### Exercise directions
Retype the listing exactly as it stands, and keep every image out.

====== Provided records

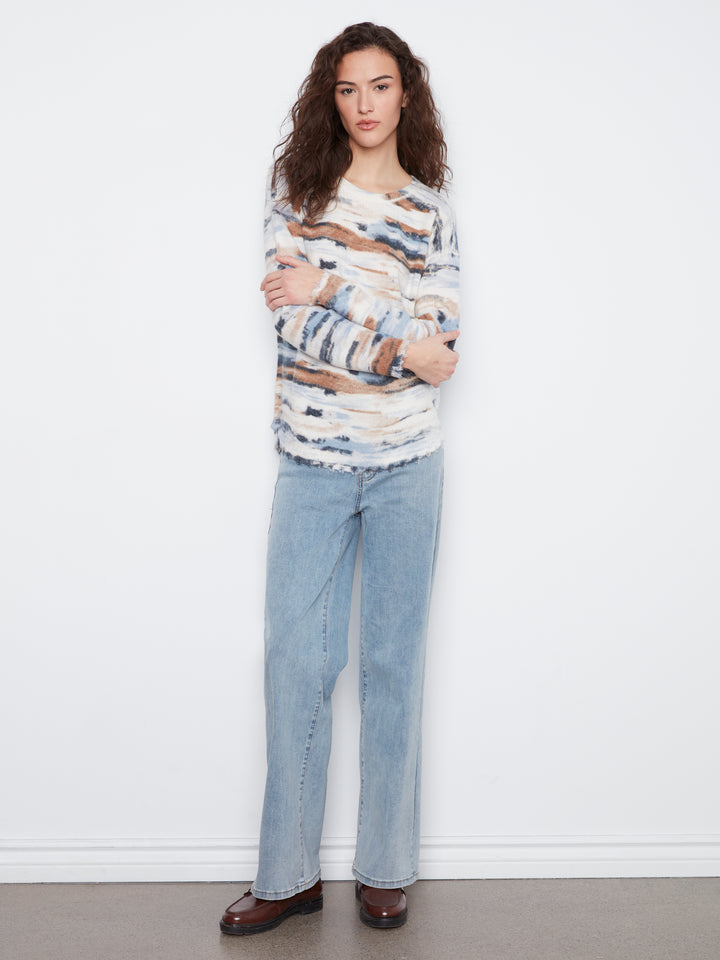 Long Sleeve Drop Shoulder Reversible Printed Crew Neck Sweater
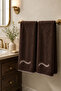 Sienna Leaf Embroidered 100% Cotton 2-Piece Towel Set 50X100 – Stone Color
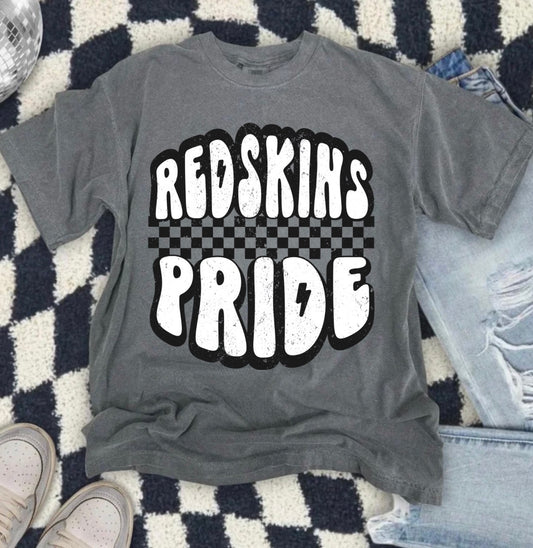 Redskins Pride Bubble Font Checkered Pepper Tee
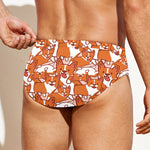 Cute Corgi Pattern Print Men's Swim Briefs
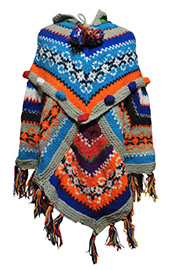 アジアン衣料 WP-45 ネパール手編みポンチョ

============

### Solution to this problem
 Long Sleeve Drop Shoulder Reversible Printed Crew Neck Sweater
 Sienna Leaf Embroidered 100% Cotton 2-Piece Towel Set 50X100 – Stone Color
 Redskins Pride Bubble Font Checkered Pepper Tee
 Cute Corgi Pattern Print Men's Swim Briefs
 アジアン衣料 WP-45 ネパール手編みポンチョ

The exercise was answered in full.